And that’s why he was saying that idol worship is something that we really need to stay away from because it’s not that the statue itself was any kind of problem.
Back in Jeremiah, God laughed about the statues, and He laughed about the people who built them. And said, This guy goes out and chops down a tree and he makes it into an idol, and the thing can’t stand up on its own, so he has to nail it to the floor. And when he’s all done, he kneels down before it and says, “You are my God!”
And it’s a sarcastic view of saying how dumb do you have to be to do something like that? But you see it’s not the statue, it’s the demon behind the statue that you have to worry about.
They crave worship; they crave embodiment. And so rather than be sent into the abyss where they are captive, rather than be sent there, they will even accept being allowed to inhabit this herd of pigs.
Okay. Verse 13:
He gave them permission, and the evil spirits came out and went into the pigs. The herd, about two thousand in number, rushed down the steep bank into the lake and were drowned.
Can you imagine being possessed by 2,000 demonic spirits? No wonder that guy had the supernatural strength, no wonder he had such power.
Verse 14:
Those tending the pigs ran off and reported this in the town and countryside, and the people went out to see what had happened. And when they came to Jesus, they saw the man who had been possessed by the legion of demons, sitting there, dressed and in his right mind; and they were afraid. And those who had seen it told the people what had happened to the demon-possessed man—and they told about the pigs as well. Then the people began to plead with Jesus to leave their region.
As Jesus was getting into the boat, the man who had been demon-possessed begged to go with him. Jesus did not let him, but said, “Go home to your family and tell them how much the Lord has done for you, and how he has had mercy on you.” So the man went away and began to tell in the Decapolis how much Jesus had done for him. And all the people were amazed.
The Decapolis literally means Ten Cities. It was a region of the Middle East, east of the Galilee, east of the Golan Heights in what today is Northern Jordan. And there were ten cities there that were kind of federated together, and they were called the Decapolis. They would be in Northern Jordan today, and so it was east of the Sea of Galilee.
And of course, that area is Gentile. Was then, is now, Gentile. That explains a herd of 2,000 pigs because you wouldn’t have a herd of pigs. You wouldn’t have any pig farmers in Israel—they wouldn’t have any market for one thing, and it was unclean work for another.
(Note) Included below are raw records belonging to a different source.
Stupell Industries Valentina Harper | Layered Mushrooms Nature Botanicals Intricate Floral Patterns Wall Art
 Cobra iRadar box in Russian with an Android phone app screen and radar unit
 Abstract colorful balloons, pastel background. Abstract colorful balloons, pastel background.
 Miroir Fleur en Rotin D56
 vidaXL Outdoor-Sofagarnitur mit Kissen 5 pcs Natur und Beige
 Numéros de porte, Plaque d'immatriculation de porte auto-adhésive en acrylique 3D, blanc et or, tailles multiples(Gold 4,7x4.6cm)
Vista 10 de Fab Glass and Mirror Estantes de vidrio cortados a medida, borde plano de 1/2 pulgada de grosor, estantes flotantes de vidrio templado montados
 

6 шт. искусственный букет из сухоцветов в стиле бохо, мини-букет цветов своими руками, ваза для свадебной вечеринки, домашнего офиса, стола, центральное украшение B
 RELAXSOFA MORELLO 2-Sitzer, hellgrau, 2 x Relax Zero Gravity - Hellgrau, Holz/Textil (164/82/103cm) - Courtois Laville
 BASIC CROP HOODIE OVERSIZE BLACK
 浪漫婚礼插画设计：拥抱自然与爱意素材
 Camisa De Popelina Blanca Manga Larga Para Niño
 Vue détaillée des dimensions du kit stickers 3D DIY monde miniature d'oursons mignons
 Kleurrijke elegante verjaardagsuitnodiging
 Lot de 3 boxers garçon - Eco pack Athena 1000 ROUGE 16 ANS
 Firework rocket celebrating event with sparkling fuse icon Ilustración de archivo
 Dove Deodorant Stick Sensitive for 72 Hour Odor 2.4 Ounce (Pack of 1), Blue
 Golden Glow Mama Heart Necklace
So these were Gentiles. And the reason they pleaded with Jesus to leave, is because He scared them. Because they were pagans, superstitious pagan people, who believed in the power of these demons, and now Jesus has come along and gotten them all stirred up. And so they were afraid, and they left.
But the point of this story—the first one, the storm—Jesus had power over the so-called natural forces of creation. The second one right beside it, Jesus, with His power over the spiritual as well. He has power over the physical; He has power over the spiritual. Do you see what Mark is doing here by putting these two side-by-side? He is showing that Jesus has to be God because He has power over the creation, which means He must be the creator. He has power over the spiritual world, and He is superior to anything in the spiritual world as well.
So only God can have those powers. And that’s what Mark is trying to get us to see here.
One more point here we’ll look at, and that is an interesting thing that’s going to happen one day soon that was prophesied in Philippians, Paul’s letter to the Philippians. Chapter 2, let’s go there. Philippians 2. And we’ll start reading in verse 5, but I’m really heading for a verse later down, but to get the context of it we’ll start reading in Philippians 2:5 where he says:
Your attitude should be the same as that of Christ Jesus:
Who, being in very nature God,
The literal Greeks says He is God in a form, a tangible form.
But he did not consider equality with God something to be grasped;
he made himself nothing
by taking the very nature of a servant,
being made in human likeness.
And so the same word “nature” here in verse 6 and in verse 7 is saying He is God in human form, but He appeared as a humble servant.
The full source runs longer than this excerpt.